This tap differentiates itself from existing taps in a few ways. First, rather than expose a very specific set of configuration options for the underlying pymongo driver, we expose all possible arguments by accepting an object underneath the `mongo` key which pass all kwargs straight through to the driver. There are over 40 configurable kwargs available as seen [here](https://pymongo.readthedocs.io/en/stable/api/pymongo/mongo_client.html#module-pymongo.mongo_client). This gives it more flexibility in contrast to a constrained interface. Secondly, this tap has three output modes configurable via `strategy: raw | envelope | infer`.
- **Strategy 1** (`strategy: raw`) merely outputs data as-is with an `additonalProperties: true` schema. This is ideal for loading to unstructured sources such as blob storage where it may be preferable to keep documents exactly as they are.

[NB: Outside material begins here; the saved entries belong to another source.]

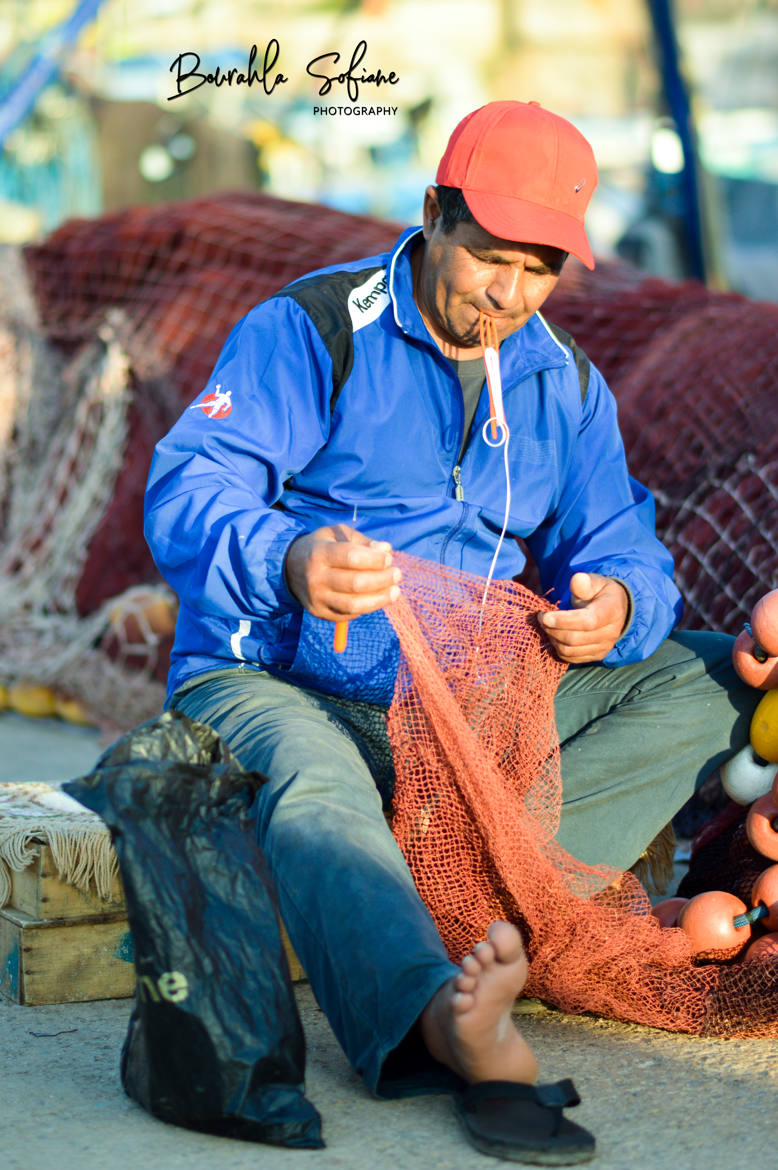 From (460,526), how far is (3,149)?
28.2 ft

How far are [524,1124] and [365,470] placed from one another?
1.24m

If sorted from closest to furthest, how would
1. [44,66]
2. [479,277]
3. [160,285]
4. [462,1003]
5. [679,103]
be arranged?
[462,1003]
[479,277]
[160,285]
[679,103]
[44,66]

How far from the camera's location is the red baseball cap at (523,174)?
2.49 metres

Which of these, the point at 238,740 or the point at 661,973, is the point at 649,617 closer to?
the point at 661,973

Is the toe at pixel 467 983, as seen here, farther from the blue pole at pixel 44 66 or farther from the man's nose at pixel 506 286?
the blue pole at pixel 44 66

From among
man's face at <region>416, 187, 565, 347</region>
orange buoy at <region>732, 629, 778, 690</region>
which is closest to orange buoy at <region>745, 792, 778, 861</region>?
orange buoy at <region>732, 629, 778, 690</region>

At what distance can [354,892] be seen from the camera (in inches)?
77.2

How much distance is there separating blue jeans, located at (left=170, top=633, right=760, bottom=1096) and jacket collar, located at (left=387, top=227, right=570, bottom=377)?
613mm

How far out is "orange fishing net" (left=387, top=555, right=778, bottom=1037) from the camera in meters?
2.32

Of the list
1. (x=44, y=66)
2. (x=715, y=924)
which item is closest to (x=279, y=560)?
(x=715, y=924)

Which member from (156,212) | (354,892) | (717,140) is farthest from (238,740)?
(717,140)

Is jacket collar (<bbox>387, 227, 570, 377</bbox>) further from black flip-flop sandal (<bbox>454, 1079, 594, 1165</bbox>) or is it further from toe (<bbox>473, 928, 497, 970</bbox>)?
black flip-flop sandal (<bbox>454, 1079, 594, 1165</bbox>)

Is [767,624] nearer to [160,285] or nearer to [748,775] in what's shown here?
[748,775]

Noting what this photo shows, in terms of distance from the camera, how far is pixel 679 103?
7.35 meters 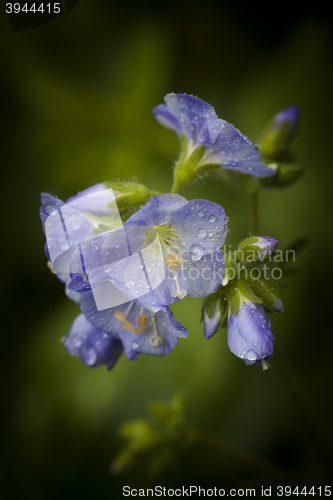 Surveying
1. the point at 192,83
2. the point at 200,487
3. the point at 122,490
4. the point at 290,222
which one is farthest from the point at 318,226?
the point at 122,490

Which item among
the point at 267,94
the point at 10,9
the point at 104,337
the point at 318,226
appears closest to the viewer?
the point at 104,337

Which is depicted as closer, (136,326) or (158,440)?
(136,326)

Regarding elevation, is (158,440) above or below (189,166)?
below

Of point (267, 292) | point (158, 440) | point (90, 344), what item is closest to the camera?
point (267, 292)

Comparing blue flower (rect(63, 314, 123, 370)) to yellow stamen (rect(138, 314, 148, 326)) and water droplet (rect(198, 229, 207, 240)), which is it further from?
water droplet (rect(198, 229, 207, 240))

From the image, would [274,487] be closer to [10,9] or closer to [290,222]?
[290,222]

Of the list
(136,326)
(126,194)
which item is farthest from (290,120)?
(136,326)

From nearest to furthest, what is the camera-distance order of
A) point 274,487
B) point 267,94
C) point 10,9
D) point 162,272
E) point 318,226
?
1. point 162,272
2. point 10,9
3. point 274,487
4. point 318,226
5. point 267,94

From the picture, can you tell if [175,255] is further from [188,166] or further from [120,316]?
[188,166] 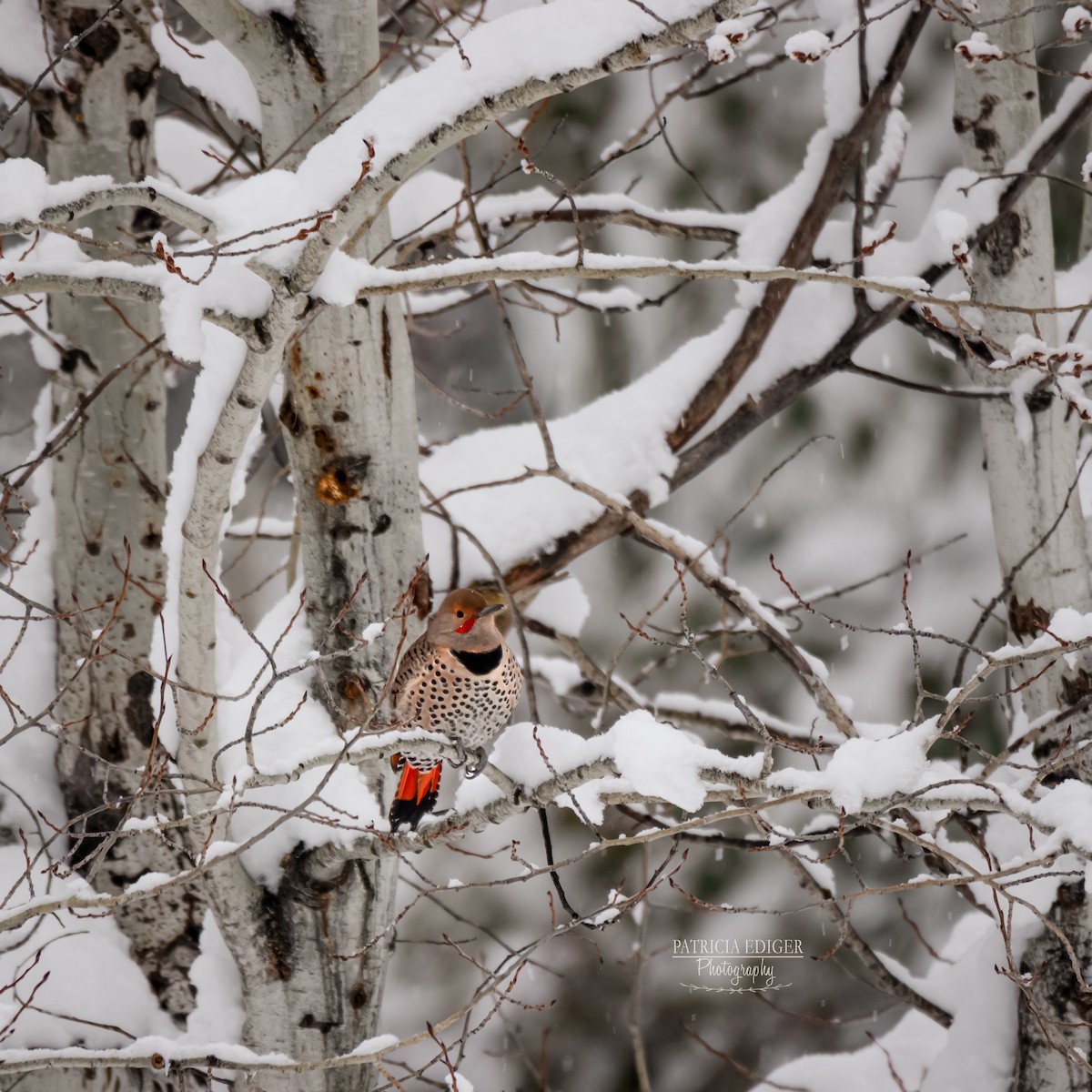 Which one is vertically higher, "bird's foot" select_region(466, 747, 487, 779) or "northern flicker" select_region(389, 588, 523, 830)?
"northern flicker" select_region(389, 588, 523, 830)

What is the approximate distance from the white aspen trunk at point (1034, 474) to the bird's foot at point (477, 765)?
1687 millimetres

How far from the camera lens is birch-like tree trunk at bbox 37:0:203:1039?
3295mm

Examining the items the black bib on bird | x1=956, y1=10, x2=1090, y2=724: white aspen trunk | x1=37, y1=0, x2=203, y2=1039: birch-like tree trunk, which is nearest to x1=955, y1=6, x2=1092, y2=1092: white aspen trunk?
x1=956, y1=10, x2=1090, y2=724: white aspen trunk

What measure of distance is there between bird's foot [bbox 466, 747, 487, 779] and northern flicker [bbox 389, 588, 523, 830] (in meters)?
0.08

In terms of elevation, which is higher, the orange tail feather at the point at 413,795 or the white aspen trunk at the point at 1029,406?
the white aspen trunk at the point at 1029,406

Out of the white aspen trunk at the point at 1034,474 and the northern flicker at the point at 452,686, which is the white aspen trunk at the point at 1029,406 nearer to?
the white aspen trunk at the point at 1034,474

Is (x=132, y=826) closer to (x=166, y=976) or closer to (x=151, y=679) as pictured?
(x=151, y=679)

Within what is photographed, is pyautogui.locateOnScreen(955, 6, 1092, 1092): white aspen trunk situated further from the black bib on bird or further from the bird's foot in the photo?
the bird's foot

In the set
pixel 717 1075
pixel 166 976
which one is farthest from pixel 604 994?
pixel 166 976

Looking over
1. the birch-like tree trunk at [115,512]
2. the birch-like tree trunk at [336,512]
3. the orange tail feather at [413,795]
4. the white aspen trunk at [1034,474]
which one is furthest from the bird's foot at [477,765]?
the white aspen trunk at [1034,474]

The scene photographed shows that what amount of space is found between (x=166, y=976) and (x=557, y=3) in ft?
10.0

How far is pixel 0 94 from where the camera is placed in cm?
348

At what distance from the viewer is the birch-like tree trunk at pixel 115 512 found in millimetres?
3295

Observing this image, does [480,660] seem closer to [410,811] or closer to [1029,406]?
[410,811] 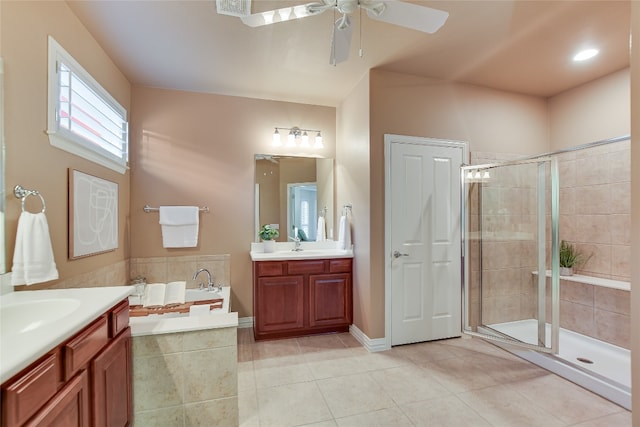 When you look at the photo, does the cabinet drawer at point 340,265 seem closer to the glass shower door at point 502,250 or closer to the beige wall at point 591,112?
the glass shower door at point 502,250

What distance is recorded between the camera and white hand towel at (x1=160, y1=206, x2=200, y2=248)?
310cm

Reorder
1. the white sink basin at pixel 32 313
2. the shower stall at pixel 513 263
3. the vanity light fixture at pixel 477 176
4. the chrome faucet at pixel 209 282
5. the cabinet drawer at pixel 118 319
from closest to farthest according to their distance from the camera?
the white sink basin at pixel 32 313 → the cabinet drawer at pixel 118 319 → the shower stall at pixel 513 263 → the vanity light fixture at pixel 477 176 → the chrome faucet at pixel 209 282

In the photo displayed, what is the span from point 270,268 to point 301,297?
1.48ft

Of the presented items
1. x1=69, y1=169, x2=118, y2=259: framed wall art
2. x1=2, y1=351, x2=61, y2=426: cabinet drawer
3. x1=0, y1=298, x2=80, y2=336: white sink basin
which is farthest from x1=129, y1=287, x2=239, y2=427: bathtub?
x1=69, y1=169, x2=118, y2=259: framed wall art

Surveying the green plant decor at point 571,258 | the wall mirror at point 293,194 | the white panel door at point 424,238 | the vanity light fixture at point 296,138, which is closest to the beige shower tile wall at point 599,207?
the green plant decor at point 571,258

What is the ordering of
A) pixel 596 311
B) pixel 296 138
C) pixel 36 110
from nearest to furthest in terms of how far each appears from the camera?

- **Strategy 2** (`strategy: envelope`) will wrap the document in a `document` key and output a fixed schema. The schema will use `type: object` and the target should be able to handle unstructured data, ie. via a VARIANT/JSON column.
- **Strategy 3** (`strategy: infer`) infers the schema of each collection from a configurable sample size of records. This allows the tap to work with strongly typed destinations. This is an attractive option. Particularly when we don't expect the documents to vary dramatically.
The last differentiator is the minimal code footprint in comparison to existing Mongo taps. I hope that this tap exemplifies how we can use as little code as possible with the existing plumbing in the SDK. The SDK means the tap supports the `BATCH` specification out of the box and is able to receive ongoing updates and improvements as the SDK continues to mature.
## Installation
The package on pypi is named `z3-tap-mongodb` but the executable it ships with is simply `tap-mongodb`. This allows me to release work without concerns of naming conflicts on the package index.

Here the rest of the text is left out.